__PROBLEM DETAILS__.
Among the lines below, keep only those from the one containing "Image of envelope" through the one containing "60x12x45 cm Armario", and reproduce them exactly.

======== ENTRIES SHOWN ========

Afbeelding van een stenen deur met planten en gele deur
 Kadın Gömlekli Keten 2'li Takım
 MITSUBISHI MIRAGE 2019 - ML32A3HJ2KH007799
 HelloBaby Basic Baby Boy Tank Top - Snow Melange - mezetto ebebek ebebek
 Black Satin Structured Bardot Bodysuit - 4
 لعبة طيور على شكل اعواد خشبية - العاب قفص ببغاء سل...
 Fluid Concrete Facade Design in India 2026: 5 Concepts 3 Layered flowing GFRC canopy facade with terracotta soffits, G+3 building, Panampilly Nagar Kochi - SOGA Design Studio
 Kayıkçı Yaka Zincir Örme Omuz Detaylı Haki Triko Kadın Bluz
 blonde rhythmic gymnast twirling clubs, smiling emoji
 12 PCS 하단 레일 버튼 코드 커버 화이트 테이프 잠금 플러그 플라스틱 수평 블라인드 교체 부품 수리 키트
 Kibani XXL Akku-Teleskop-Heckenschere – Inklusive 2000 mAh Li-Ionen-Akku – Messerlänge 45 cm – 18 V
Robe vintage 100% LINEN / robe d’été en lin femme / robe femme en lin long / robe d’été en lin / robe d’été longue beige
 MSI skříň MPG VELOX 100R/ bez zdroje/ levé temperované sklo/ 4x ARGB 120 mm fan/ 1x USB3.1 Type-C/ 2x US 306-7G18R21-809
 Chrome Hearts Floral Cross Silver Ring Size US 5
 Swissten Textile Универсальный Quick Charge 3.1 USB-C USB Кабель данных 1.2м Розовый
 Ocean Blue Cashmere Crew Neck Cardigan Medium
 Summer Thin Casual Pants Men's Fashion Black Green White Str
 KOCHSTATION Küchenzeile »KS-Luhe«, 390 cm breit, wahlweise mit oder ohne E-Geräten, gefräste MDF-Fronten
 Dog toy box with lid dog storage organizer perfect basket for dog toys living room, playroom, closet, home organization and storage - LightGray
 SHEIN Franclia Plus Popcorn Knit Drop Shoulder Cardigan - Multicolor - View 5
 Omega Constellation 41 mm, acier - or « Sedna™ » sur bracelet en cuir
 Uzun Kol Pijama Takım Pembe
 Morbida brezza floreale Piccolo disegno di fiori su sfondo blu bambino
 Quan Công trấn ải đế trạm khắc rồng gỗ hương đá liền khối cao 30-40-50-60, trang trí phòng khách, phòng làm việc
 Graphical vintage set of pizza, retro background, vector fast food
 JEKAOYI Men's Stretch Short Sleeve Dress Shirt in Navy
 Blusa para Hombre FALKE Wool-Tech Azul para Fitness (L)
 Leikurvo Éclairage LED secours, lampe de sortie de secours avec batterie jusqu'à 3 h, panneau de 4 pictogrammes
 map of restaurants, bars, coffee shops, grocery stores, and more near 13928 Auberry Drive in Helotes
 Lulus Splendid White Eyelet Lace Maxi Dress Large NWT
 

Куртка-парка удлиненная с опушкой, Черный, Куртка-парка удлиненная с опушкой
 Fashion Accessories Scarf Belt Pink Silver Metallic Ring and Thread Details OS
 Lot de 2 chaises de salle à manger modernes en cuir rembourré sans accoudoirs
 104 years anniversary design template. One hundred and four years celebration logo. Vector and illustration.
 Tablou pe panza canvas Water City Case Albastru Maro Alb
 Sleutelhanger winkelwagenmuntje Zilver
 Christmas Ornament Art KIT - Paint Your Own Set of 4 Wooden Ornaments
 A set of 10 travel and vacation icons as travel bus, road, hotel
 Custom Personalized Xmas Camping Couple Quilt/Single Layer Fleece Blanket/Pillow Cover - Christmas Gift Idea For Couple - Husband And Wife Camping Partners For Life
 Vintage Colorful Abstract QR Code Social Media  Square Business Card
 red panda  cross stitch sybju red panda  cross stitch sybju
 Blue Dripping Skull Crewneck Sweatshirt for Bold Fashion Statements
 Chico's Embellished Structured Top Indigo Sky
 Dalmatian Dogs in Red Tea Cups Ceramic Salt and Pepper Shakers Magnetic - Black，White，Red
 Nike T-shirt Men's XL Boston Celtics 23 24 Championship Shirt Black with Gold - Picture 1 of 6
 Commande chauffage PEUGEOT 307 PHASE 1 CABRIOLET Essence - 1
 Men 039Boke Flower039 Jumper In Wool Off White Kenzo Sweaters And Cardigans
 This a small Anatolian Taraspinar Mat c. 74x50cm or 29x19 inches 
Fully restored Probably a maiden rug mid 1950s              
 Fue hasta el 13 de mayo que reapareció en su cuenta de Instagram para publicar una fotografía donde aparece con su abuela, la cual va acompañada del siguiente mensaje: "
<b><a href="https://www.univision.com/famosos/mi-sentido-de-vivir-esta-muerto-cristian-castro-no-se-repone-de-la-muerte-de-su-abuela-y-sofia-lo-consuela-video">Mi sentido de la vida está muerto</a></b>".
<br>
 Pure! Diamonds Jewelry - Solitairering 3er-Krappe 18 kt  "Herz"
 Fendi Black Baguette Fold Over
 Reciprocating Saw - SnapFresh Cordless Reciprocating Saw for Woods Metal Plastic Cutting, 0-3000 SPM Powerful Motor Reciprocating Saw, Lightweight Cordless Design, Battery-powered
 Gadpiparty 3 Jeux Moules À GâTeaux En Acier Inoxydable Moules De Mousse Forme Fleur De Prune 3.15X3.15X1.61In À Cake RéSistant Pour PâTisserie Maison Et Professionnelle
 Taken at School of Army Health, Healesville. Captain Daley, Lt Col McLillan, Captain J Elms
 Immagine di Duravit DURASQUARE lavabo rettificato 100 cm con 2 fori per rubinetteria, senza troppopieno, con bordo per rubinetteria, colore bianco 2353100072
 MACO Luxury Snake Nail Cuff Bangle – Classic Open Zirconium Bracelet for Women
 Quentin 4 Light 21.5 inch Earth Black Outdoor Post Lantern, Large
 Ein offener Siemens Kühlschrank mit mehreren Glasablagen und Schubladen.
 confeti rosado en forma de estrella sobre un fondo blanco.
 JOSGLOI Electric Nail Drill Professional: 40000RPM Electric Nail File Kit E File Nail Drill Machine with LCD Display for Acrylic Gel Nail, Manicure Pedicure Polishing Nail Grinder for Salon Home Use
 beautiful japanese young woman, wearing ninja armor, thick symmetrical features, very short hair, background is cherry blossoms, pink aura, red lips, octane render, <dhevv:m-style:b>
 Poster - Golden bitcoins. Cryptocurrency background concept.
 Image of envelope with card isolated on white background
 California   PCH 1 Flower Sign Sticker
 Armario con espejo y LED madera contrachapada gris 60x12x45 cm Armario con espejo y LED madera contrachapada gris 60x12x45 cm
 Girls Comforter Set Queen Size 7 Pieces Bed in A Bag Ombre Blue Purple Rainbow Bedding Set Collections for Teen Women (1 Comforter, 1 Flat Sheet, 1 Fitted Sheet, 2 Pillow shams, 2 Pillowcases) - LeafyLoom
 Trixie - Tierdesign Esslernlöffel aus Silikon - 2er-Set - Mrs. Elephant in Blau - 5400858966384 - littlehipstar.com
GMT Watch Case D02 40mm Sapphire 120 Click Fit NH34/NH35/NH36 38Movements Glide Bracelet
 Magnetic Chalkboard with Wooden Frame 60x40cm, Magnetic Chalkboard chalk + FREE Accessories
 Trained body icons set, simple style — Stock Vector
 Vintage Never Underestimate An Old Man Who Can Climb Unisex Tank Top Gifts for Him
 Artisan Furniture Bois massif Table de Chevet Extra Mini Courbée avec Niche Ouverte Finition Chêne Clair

========

__TASK ANSWER__.
 Image of envelope with card isolated on white background
 California   PCH 1 Flower Sign Sticker
 Armario con espejo y LED madera contrachapada gris 60x12x45 cm Armario con espejo y LED madera contrachapada gris 60x12x45 cm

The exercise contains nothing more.